Het decor dat altijd achteraan op het toneel staat, komt nu naar voren, en speelt de hoofdrol. Benjamin Verdonck en co trekken aan de touwtjes en brengen voorwerpen in bewegingen, laten ze verschijnen, verschuiven en verdwijnen. Zo zijn we dat van Verdonck gewend: hij plaatst liever dingen dan mensen voor het voetlicht.

Dat doet hij in Een grot vol slijm met een rietje nu ook voor jong publiek. Deze keer geen driehoeken en parallellepipedums maar heuse vlakke bergen en vuurtorens van karton en papier-maché. Het is alsof je in een uitvergrote kijkdoos de dingetjes ziet bewegen, en je fantaseert er je eigen verhaal bij.

Benjamin Verdonck en het team zetten letterlijk de metafoor van Bruno Latour in zijn strijd tegen de klimaatverandering op het toneel. Die wetenschapsfilosoof zei dat in het huidige antropoceen de natuur, fauna, flora, de dingen een belangrijke rol spelen in het behoud van de planeet en van de leefbaarheid voor mensen, ‘decors zijn op het toneel geklommen om mee te spelen’.

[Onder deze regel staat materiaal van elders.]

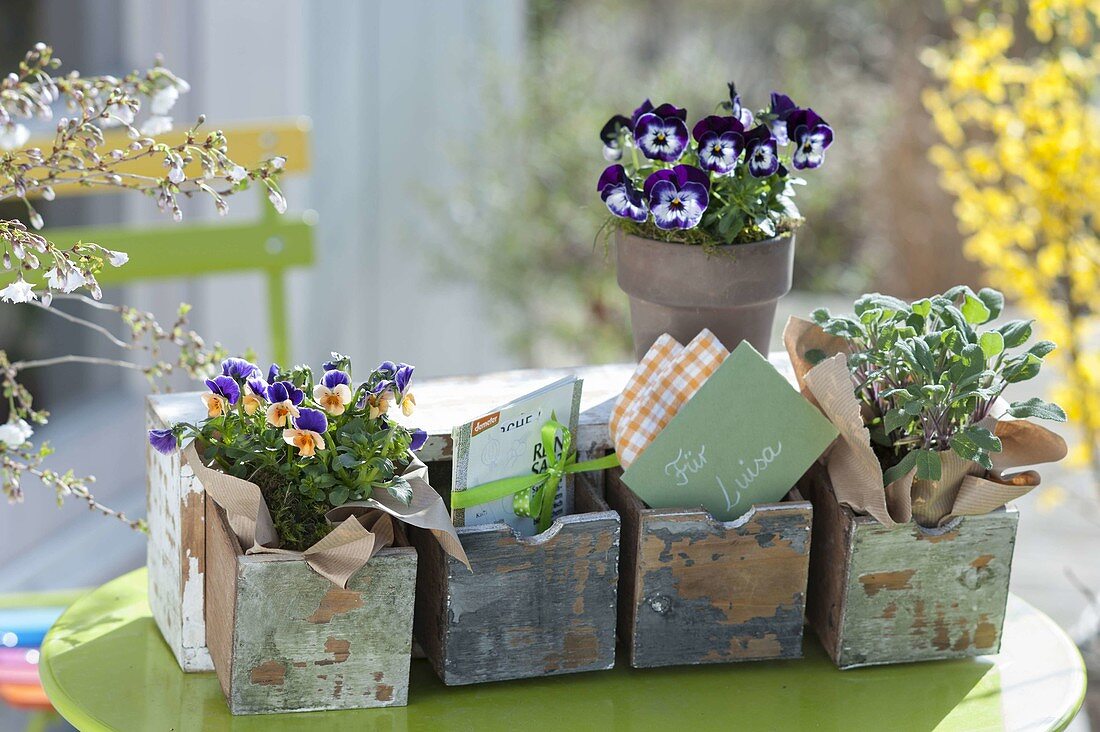 Old wooden box with small drawers as a gift for garden friend Luisa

In Een grot vol slijm en een rietje zijn het alleen decorstukken die een rol hebben, de mens is helemaal in de coulissen verdwenen en als hij of zij al even te zien is, is het iemand die zich in het zwart gehuld heeft in de hoop of veronderstelling onzichtbaar te zijn. Dit is een pure theater der dingen-voorstelling.

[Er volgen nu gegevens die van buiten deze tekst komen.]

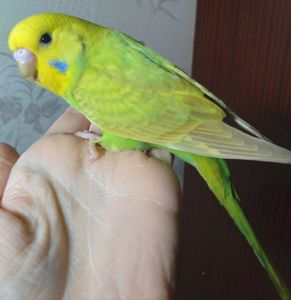 Ручные птенчики волнистые попугаи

De Maan uit Mechelen is het oudste poppentheater van Vlaanderen. Vlak na de Tweede Wereldoorlog richtte Jozef Contryn het gezelschap op. Eerst heette het Hopla, daarna Mechels Stadpoppentheater. Het was een familiebedrijfje. Na Jozef waren het Louis Contryn en zijn vrouw die stukken schreven, de poppen en het decor maakten en veel speelden. Zoon Paul gleed als vanzelf mee in het poppenspel, en groeide uit tot een bijzonder ontwerper van poppen en allerlei figuren.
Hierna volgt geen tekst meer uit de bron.